This year they saw the market go up all the time and now
they are again scared to invest in equity, because of their fear, which is, the
market can crash anytime. Such investors should go for hybrid funds, which
invest in both debt and equity. The debt portion would take care of the security
of the investment and Equity would take care of the growth. This is one of the
safe investments in mutual funds which would ensure you do not erode your
wealth.
One of the most commonly named funds in this hybrid category
are monthly Income plans. These funds invest around 75% in Debt and the balance
in equity. The debt portion increases if the market is too heated. So the debt
portion gives you a stable return just like fixed deposits and depending on
market situation equity would give growth. So when the going is good, the
returns would go to say 13-15%, but in a bad market the returns could be from
11-13%, which is not bad at all. If you look at all the Monthly Income plans
the average returns for the last 5 years is around 12.5%. Here as I had said
earlier, we still cannot give guarantees for returns.
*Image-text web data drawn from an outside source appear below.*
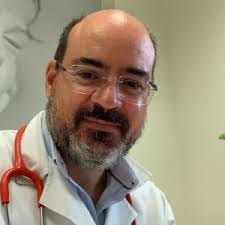 Manuel Espitia's Instagram, Twitter & Facebook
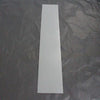 Bertazzoni Z310010 DOOR SHELF, MAT 36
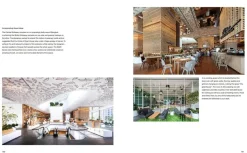New Mags 70 Ideas from Global Best Interior Design II fra Sale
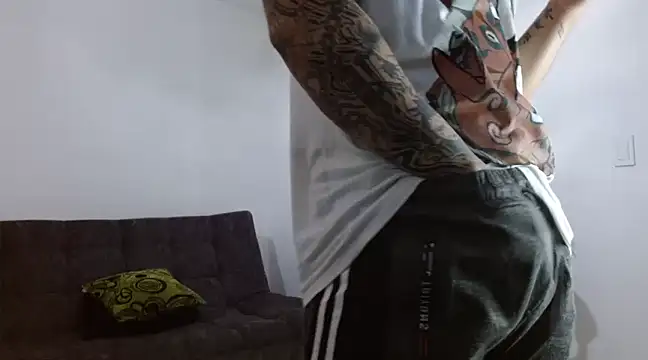 Sisoyalejo420 online show from 03.12.25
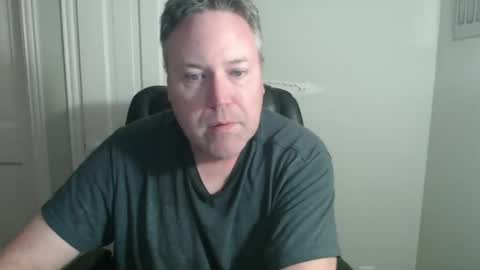 JE online show from November 13, 2:43 am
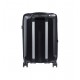 JUMP VALISE 55 UPPSALA 4510NU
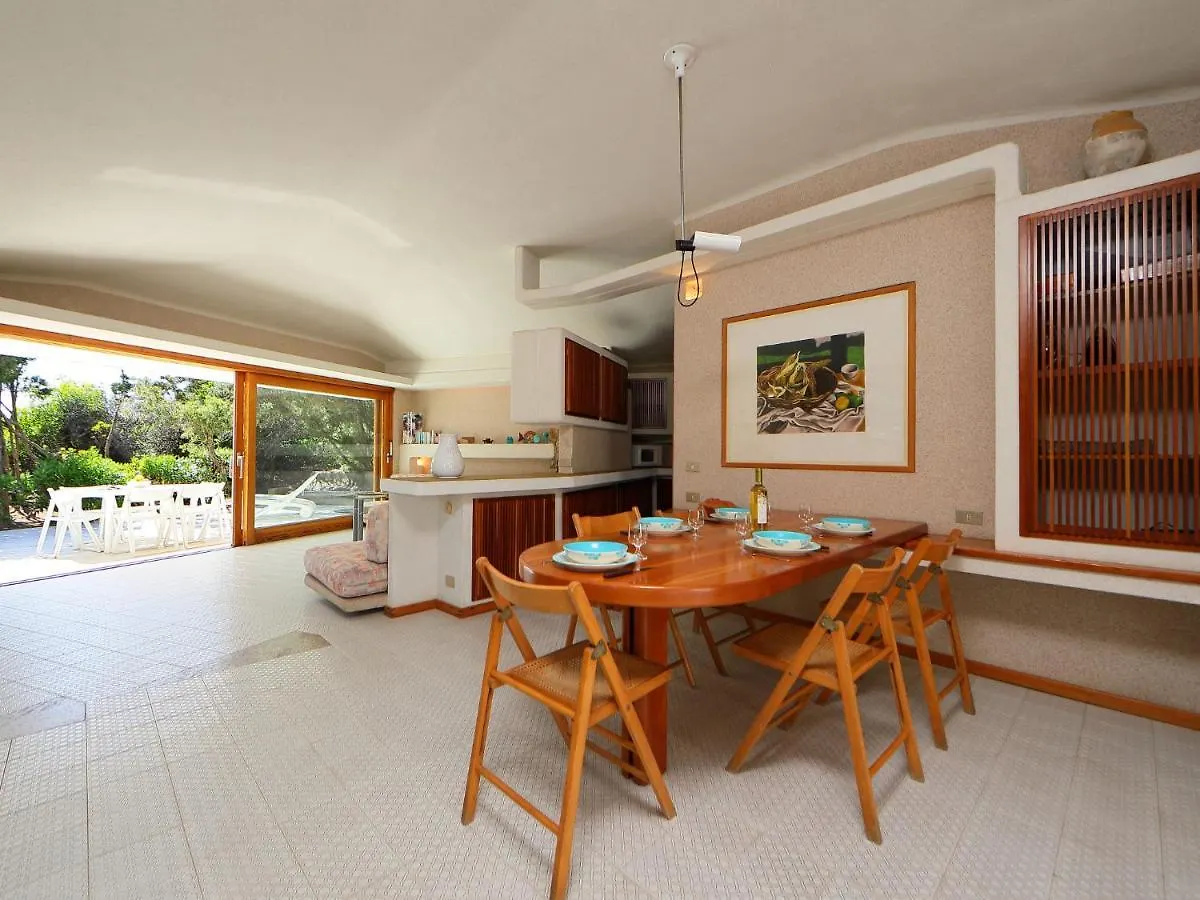 Holiday Home Brunello By Interhome Greuli Italy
Investments in these funds should be for a minimum of 3
years, as a major portion of the funds are invested in debt, these are treated
as debt funds for income tax purposes and if you have read some of my earlier
posts, you would have seen, that debt funds definitely beat fixed deposits if
the investment is for more than 3 years. So Monthly Income Plans are tax
efficient investments as well. If you go for dividend option, it’s even better
as Dividends are tax free, but remember, the income tax department taxes their
pound of flesh, in the form of dividend distribution tax, which is quite heavy
at around 28% after adding surcharge and tax. So it is better to go for growth
option and withdraw any time after 3 years when you need the money or go for a
systematic withdrawal plan after 3 years.